Meninggalkan Jeno yang bersandar di pagar pembatas dengan tali gabungan yang terbuat dari jaket dan gorden. Yah, pikir Jeno masam, setidaknya ini mengajari dia hal baru untuk tidak bengong di zona yang tidak aman. Tak ada guru yang lebih baik dari pengalaman kan?
Kali berikutnya Jeno masuk ke kelasnya, dia lebih berhati-hati. Matanya teliti mengawasi keadaan sekitar. Barulah usai yakin tak ada yang bisa menyerangnya, dia masuk dan mengambil tas Renjun.
Dalam tas itu Jeno menemukan 3 buku pelajaran, buku sketsa dan perlengkapan menggambar Renjun, serta snack yang lebih banyak memakan tempat. Hebat, RJ Huang. Jeno tak mengira kebiasaan buruk temannya akan berguna di saat seperti ini.
Tangan Jeno dengan cekatan merobek sebuah halaman di buku Renjun, lalu mencangklong tas itu.

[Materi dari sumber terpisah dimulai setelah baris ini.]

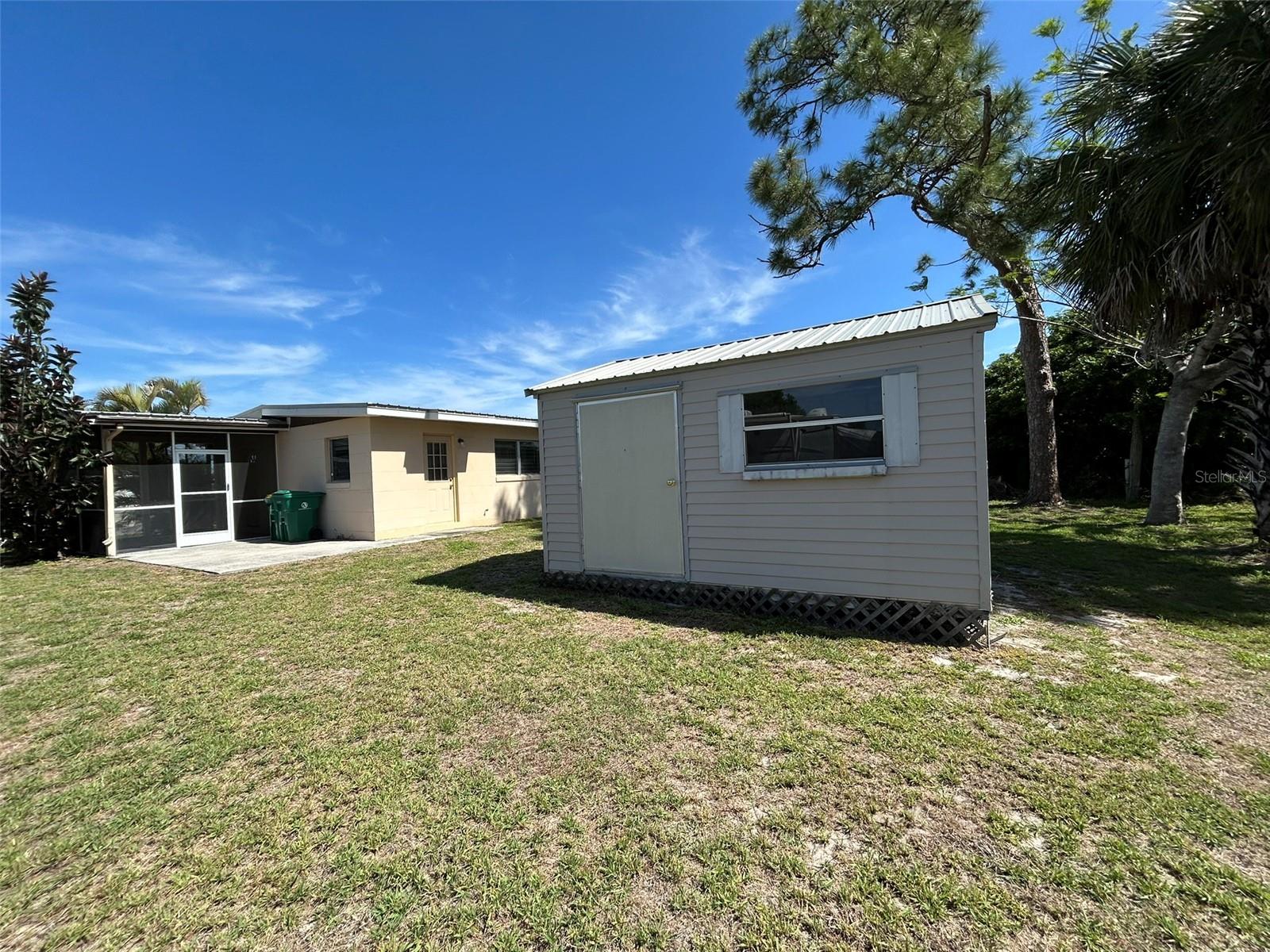 3108 CRESTWOOD DR, PORT CHARLOTTE, FL, 33952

Tak lupa, dia mengeluarkan pemantik Haechan dan berdiri tepat di bawah alarm kebakaran. 2 gerakan saja. Ia hanya butuh 2 gerakan.
Ayo, Jeno!
Jeno menggertakkan giginya. Lakukan dan berhentilah jadi pengecut!
LAKUKAN!
Sembari menarik napas panjang, Jeno menjentikkan pemantik Haechan dan membiarkan api yang warnanya campuran merah dan biru menari-nari dalam tarian kehancuran melalap kertasnya. Satu. Kemudian dua, dia mempersembahkan kertas itu pada detektor asap.

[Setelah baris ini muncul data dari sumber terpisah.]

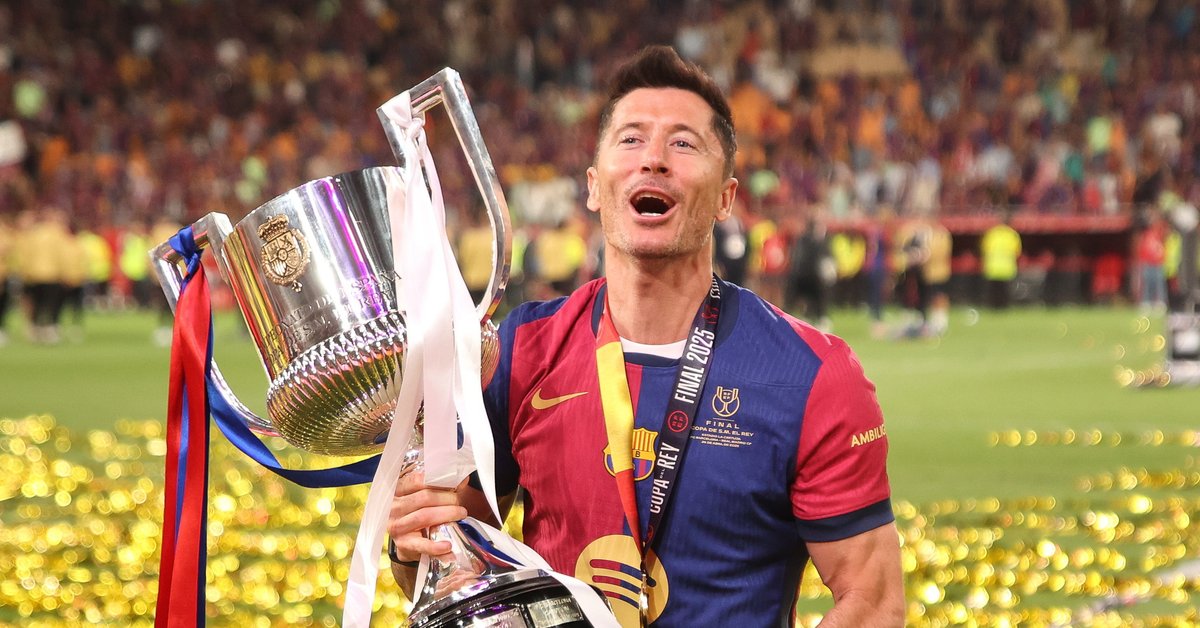 Tuż po meczu Robert Lewandowski sięgnął po telefon. Zdjęcie hitem sieci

Bersamaan dengan langit yang menangis, alarm tersebut menyala seperti pekikan burung-burung yang membawa kabar buruk.
Sudah di mulai.
Bunyi alarm itu luar biasa kencang, karena dirancang untuk memperingatkan semua siswa-siswi, serta guru di 1 sekolah. Andai kamu berdiri di lantai dasar pun, kamu pasti masih bisa mendengarnya, begitu pula para zombie di lapangan. Jeno menyaksikan mereka mendongak, seperti pemangsa yang mengendus jejak buruannya, saat mencari-cari sumber suara. Otak mereka yang telah mati butuh waktu sesaat untuk memastikan asalnya bukanlah dari tempat parkir mobil atau di luar gerbang, melainkan...
Bagian dalam gedung.
Dengan itu mereka berbondong-bondong menuju rangsangan suara yang menggelitik telinga mereka. Tempat yang semula padat jadi berangsur-angsur lengang. Bagus, bagus. Ayo, kemarilah kalian, monster-monster neraka.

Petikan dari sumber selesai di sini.